Acacia (1) - —¡El que se hace esclavo de su vientre es un imbécil y un miserable!

UN domingo, por la tarde, Maiakín estaba en su jardín y tomaba el té conversando con su hija. Sentado a la sombra de un cerezo, desabrochado el cuello de la camisa y con una toalla liada alrededor del cuello, gesticulaba y charlaba sin cesar.
—¡El que se hace esclavo de su vientre es un imbécil y un miserable! ¿Es acaso que la vida no nos ofrece otra cosa mejor que comer y beber? ¿Y de qué puedes vanagloriarte si no de que eres algo más que un cerdo?
El viejo tenía los ojos brillantes de cólera y de emoción, sus labios se plegaban desdeñosamente y las arrugas de su rostro atezado se hacían más numerosas.
—Si Tomás fuese mi hijo, desde chiquito le hubiera corregido.
Liubova escuchaba en silencio, jugando con una rama de acacia y la mirada fija con respeto en el rostro de su padre. A medida que avanzaba su edad, cambiaba insensiblemente sus maneras retraídas y desconfiadas con respecto al viejo. Encontraba en las palabras de su padre las ideas contenidas en sus libros, y esto la seducía, haciéndola preferir su conversación llena de imágenes a las frías doctrinas impresas.
Siempre negociando, siempre despierto e inteligente, seguía solo su ruta. Ella comprendía su soledad, sabía por experiencia cuán penosa era ésta y sus modales se suavizaban en consecuencia. A veces discutía con él recibiendo contestaciones acerbas e irónicas, pero, a pesar de ello, cada vez con un poco mayor abandono.

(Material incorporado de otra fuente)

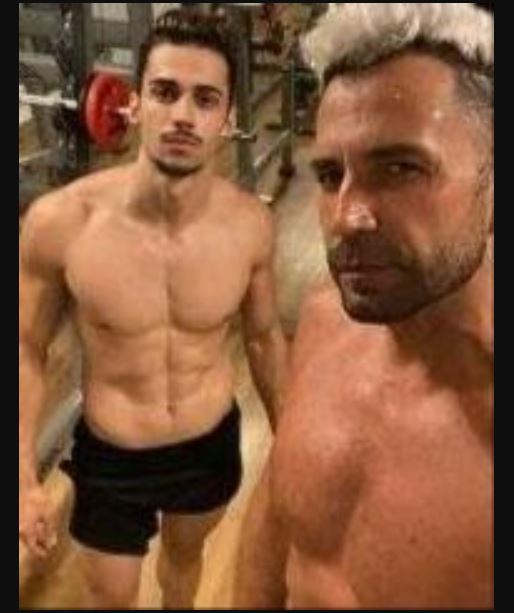 Latino rebate crítica da filha após adotar rapaz de 21 anos: ‘não paga pensão'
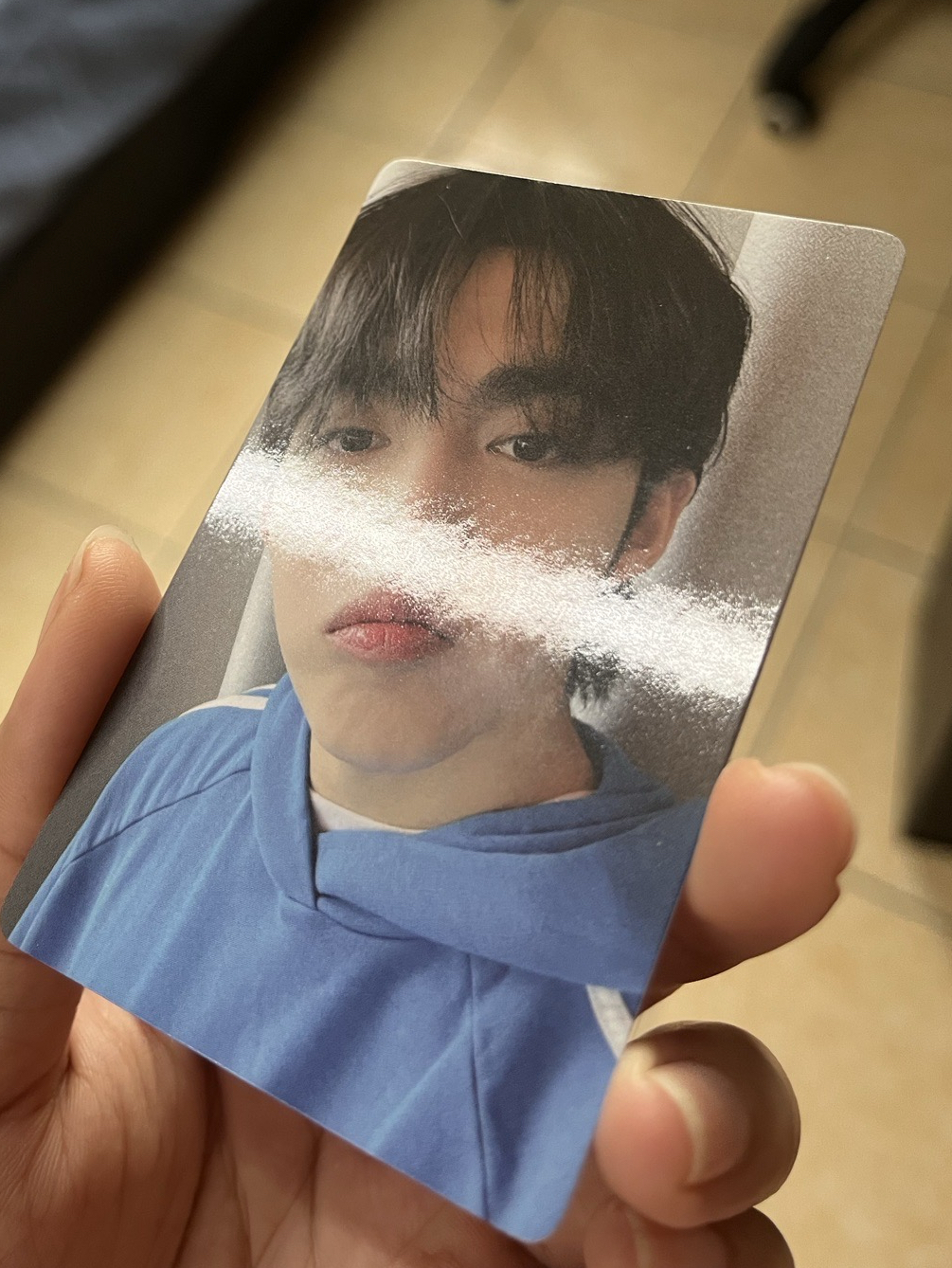 鼻翼旁邊有廠損 不明顯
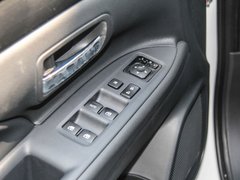 2016款 2.0L 两驱荣耀版
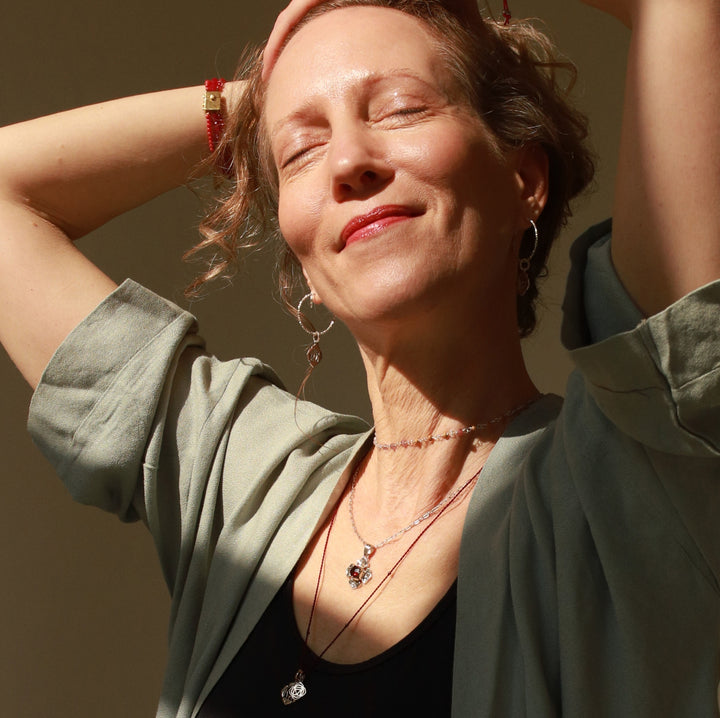 Elena Fröhlich, Yogalehrerin in Berlin kombiniert einen Wurzel Chakra Anhänger mit Granat Edelstein mit Chakra Schmuck von ETERNAL BLISS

—¡Si el difunto Ignat hubiese leído este relato del periódico, donde vienen las locuras de su hijo, le habría dado una paliza a Tomás! —decía Maiakín dando un puñetazo formidable sobre la mesa—. ¡Qué vergüenza!
—No ha robado —dijo Liubova.
—¡Yo no digo que esto sea incierto! Le han reventado de mano maestra… Quisiera saber quién ha escrito este relato.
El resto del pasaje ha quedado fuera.